When a group of young black photographers formed the Kamoinge Workshop in 1963, their goal was to use their work to address the state of black lives and the growing civil rights movement. It was an era when mainstream publications didn’t support black photographers, so the collective banded together to offer each other feedback and encouragement.
Kamoinge means “a group of people acting together” in Kenya’s Kikuyu language.
With a goal of focusing their cameras on the communities in which they lived, the Kamoinge members engaged in street photography and abstraction, while also photographing notable figures they encountered such as Miles Davis, Sun Ra and Malcolm X. They were the driving force behind the Black Photographers Annual, a seminal publication featuring the work of myriad black photographers, issues of which are on view at the Virginia Museum of Fine Arts through May.
Among the group was Louis Draper, a native Richmonder, whose photographic archive was donated to the museum by his sister, Nell Draper Winston, in 2015. Associate curator of modern and contemporary art Sarah Eckhardt recalls being amazed by the complexity of Draper’s work, using the gift to take a deeper dive into the collective’s output.
As a result, Eckhardt realized that any Draper exhibit would necessarily have to include other members of the collective because, from 1963 on, Draper’s work had been in conversation with the other photographers. Soon she was on the lookout for their work, too.
“What I found was that each photograph had such incredible vision. They were so compelling,” she says. “It only made sense for us to start collecting more works for the museum from the Kamoinge Collective.” At the time, few museums were acquiring such photographs, although the Museum of Modern art and the Whitney Museum of American Art have since acquired a few pieces. The VMFA’s Kamoinge collection currently stands at 146 pieces, the most complete of its kind.
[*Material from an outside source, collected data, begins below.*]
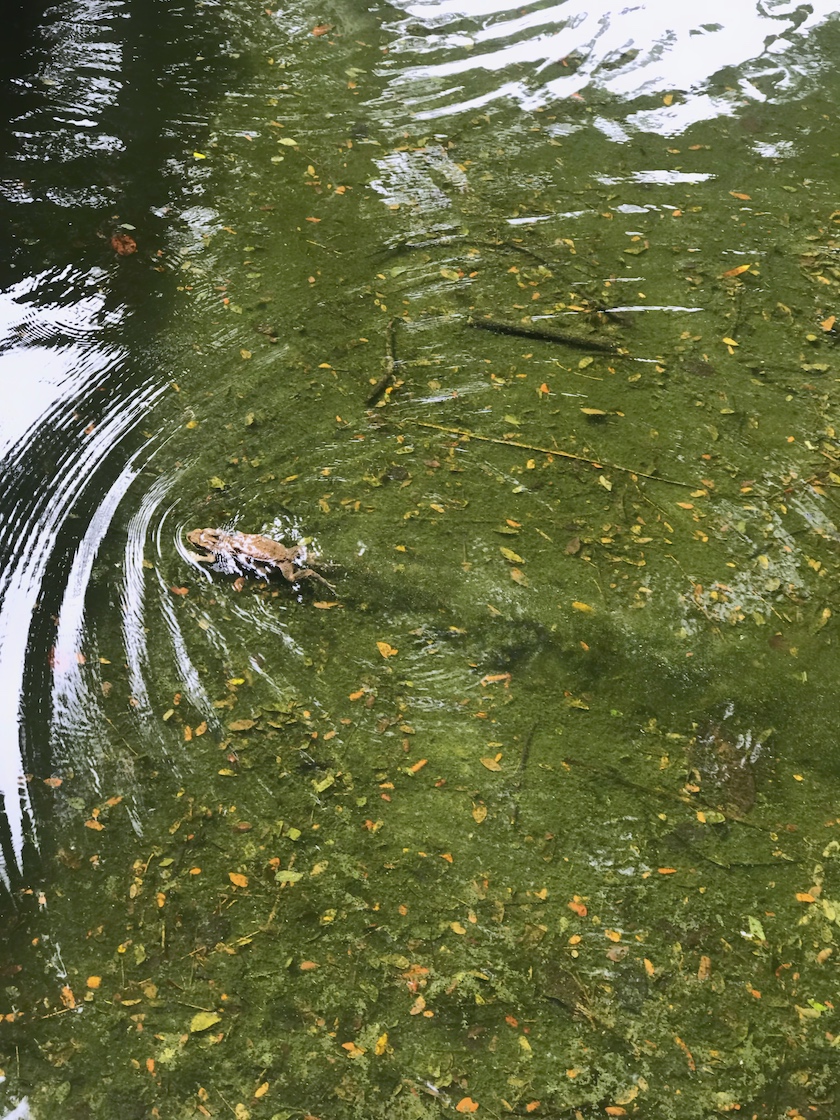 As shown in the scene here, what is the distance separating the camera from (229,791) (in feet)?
8.25

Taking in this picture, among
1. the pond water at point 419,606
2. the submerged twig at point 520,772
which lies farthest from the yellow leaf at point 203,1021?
the submerged twig at point 520,772

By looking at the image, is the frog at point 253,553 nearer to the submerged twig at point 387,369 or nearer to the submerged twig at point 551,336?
the submerged twig at point 387,369

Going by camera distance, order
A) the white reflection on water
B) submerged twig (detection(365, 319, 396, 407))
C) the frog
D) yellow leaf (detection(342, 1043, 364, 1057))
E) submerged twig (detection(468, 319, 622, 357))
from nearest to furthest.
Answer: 1. yellow leaf (detection(342, 1043, 364, 1057))
2. the frog
3. submerged twig (detection(365, 319, 396, 407))
4. submerged twig (detection(468, 319, 622, 357))
5. the white reflection on water

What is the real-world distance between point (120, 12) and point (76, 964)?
591 cm

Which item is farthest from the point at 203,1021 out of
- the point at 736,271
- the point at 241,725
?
the point at 736,271

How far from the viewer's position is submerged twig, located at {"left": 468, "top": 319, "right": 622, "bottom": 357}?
3729 mm

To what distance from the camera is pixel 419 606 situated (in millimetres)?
2938

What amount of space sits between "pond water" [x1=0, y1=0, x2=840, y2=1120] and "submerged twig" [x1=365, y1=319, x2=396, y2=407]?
0.05ft

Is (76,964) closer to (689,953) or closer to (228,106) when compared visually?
(689,953)

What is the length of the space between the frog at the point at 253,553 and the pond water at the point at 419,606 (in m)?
0.05

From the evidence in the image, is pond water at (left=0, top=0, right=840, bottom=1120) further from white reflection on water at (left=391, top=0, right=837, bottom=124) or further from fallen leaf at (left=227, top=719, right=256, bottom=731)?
white reflection on water at (left=391, top=0, right=837, bottom=124)

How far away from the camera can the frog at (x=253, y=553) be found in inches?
117

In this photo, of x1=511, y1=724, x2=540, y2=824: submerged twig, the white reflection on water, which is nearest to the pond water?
x1=511, y1=724, x2=540, y2=824: submerged twig

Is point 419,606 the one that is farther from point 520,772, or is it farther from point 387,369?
point 387,369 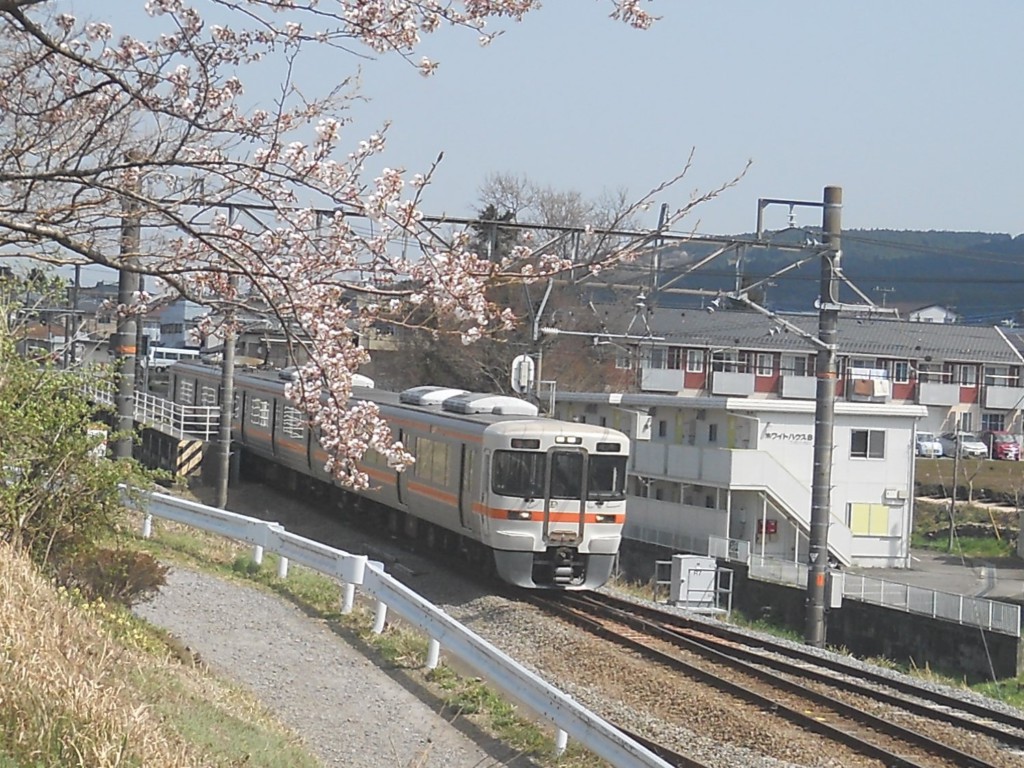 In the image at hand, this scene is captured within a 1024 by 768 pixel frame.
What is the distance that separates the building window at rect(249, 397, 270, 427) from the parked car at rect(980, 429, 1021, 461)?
3427cm

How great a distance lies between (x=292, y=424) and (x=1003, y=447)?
3644 cm

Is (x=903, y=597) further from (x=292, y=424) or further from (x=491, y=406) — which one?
(x=292, y=424)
In an effort to ensure that generations to come can experience those photographs, the museum has been awarded a 2018 Bank of America conservation project grant to support a yearlong effort to conserve, stabilize and digitize the 146 photographs. The aim of the project is to preserve culturally significant works of art from around the world and the museum was one of only 21 institutions to receive the grant this year.
Because the photographs now in the collection hadn’t been owned by galleries or museums, many of them had spent years being stored in people’s homes, often without climate control. Issues included rippling paper, worn edges, typical wear-and-tear according to Eckhardt, but all needed stabilization as well as to be matted and properly housed.
Most important, the project ensures that the work of Kamoinge Workshop artists can be included in future exhibits and studies of 20th-century photography. Digitizing allows the photographs to be introduced to a much larger audience, including visitors, educators, scholars and students. Given that part of the museum’s 2015-2020 strategic plan includes increasing the number of works by African and African-American artists in its holdings, the museum still is acquiring more photographs from Kamoinge Workshop members.
Coming in January 2020 to the museum’s Evans Court, will be “Working Together: Louis Draper and the Kamoinge Workshop,” featuring photographs culled from the first 20 years of the collective’s existence.
“I am thrilled because it’s a huge accomplishment to have collected these works, which are important aesthetically and historically,” Eckhardt says. “And now we’re fortunate enough to have conservation take care of them all at once.”
“Working Together: Louis Draper and the Kamoinge Workshop” opens January 2020, at the Virginia Museum of Fine Arts. The 2020 exhibition will be located in the Evans Court Gallery.